Legislative sources warn Lightfoot’s agenda faces a tough road and that was underscored this week by a group of state House members from Chicago telling Lightfoot they wouldn't back the real estate transfer tax change without a bigger funding commitment on homelessness initiatives. Gov. J.B. Pritzker’s administration has said “the governor will encourage the General Assembly to give the mayor's proposals their full consideration during the veto session.”
Several aldermen also questioned the prospects for collecting $160 million through improved emergency transport reimbursements under a deal with the state for Medicaid recipients and by raising fees for insurers. Federal approval is also needed. Some also questioned the city’s confidence in achieving the $200 million savings target on its planned $1.3 billion debt restructuring.
FINANCE TEAM’S CASE
The finance team defended the use of one-shots as balanced by even more permanent structural fixes and pointed to the recent S&P bulletin noting as much.
“Clearly one-time solutions are not ideal, but we also have to consider that this is a very large gap,” Bennett said.
Bennett also defended the restructuring in the face of comparisons to past scoop-and-toss practices and acknowledged that the savings level won’t be set until the bonds are sold.
While the plan books the bulk of savings of $200 million in 2020, Bennett said the refinancing won’t “extend maturities or increase debt service in future years” as past restructurings did and the average life of the refunding bonds will remain at 10 years like the bonds being refunded.

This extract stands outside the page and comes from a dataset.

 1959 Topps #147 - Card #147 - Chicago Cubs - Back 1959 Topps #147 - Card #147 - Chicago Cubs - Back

“The way we are able to upfront the savings … is in essence taking the savings that comes from those lower interest rates” so that the city will “keep debt service at or lower than the outstanding debt service we are refunding and in essence have all of those savings restructured up front,” Bennett said.

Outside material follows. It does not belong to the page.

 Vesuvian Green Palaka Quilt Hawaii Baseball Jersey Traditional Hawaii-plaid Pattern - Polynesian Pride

The bond authorization would be introduced in mid-November and Bennett said in an interview last week the hope is to get into the market late this year or early in 2020.
Based on current rates, the savings exceed $200 million and some savings would be seen in future years, Bennett said. The city would refund existing general obligation and motor fuel tax bonds using both its GO credit and a new Sales Tax Securitization Corp. junior lien.

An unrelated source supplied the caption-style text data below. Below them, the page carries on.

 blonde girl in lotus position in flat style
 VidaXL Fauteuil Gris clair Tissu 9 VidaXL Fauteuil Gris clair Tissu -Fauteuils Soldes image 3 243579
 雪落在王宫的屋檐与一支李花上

MMA's Lisa Washburn, a managing director, said a debt service schedule is needed to grasp the details of how the upfront savings are achieved without any type of fiscal maneuvering that may be masked by achieving overall lower interest rates.
Washburn also noted the negative view some market participants have of the city’s use of the Sales Tax Securitization Corp. structure that lockboxes a portion of the sales tax to achieve higher ratings. “The more they do under the structure the more debt they are, in theory, prioritizing STSC creditors over general obligation bond investors and retirees,” Washburn said.
Other budgetary details highlighted during the hearing included the increased authorization to cover judgments of settlements by $80 million to $135 million. The city also clarified that it counted $31 million of the $74 million it will get from its $300 million tax-increment financing surplus toward one-shots being tapped to cut the deficit. That’s because the $31 million represents the amount over what the city booked in 2019.
The city also is seeking reimbursement from CPS for $60 million it has covered in pension contributions for non-teacher CPS employees who participate in the city’s municipal fund.